E havia um segundo desafio: Teríamos que falar após a concorrida mesa sobre literatura e poesia, um debate que reuniu nomes como Bráulio Tavares, Itamar vieira Júnior e a poetisa oficial de São José do Egito. Confesso que senti inveja, confesso que eu desejaria estar naquela mesa. Isto porque eu não entregaria à plateia, palavras alegres, frases bonitas de si dizer, mas antes, entregaria palavras feitas de urgência à antiga capela.
Me escutei falando, e pensei que houvesse me transmudado num padre velho, fazendo seu sermão de sexta-feira, a denunciar um jornalismo de superfície, esvaziado das pluralidades da cultura, a sofrer por uma democracia frágil, fraturada por um modelo civilizatório fundado na ganância, na submissão da natureza até as últimas consequências, em adoração ao deus do mercado de consumo e do lucro.
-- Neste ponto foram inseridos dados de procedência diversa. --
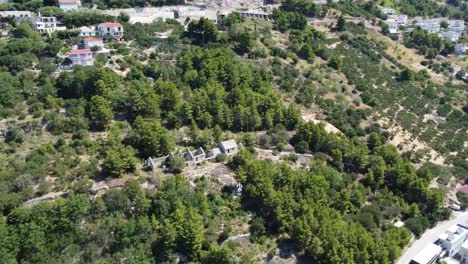 Eine-Alte-Ruine-In-Grüner-Kroatischer-Landschaft-In-Dalmatien-An-Der-Adria,-Schönes-Und-Sonniges-Wetter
E porque nossas ideias não são somente nossas, mas, como diria Bakhtin, alimentam-se de todo um auditório social que nos assiste de dentro de nós mesmos, mobilizei Serge Latouche, com sua lúcida obra sobre o modelo civilizatório atual e a ocidentalização do mundo onde a sociedade celebra a raça branca, a religião cristã, o modelo econômico capitalista, empurrando para a invisibilidade da cultura, tudo aquilo que não se enquadra nessa moldura civilizatória.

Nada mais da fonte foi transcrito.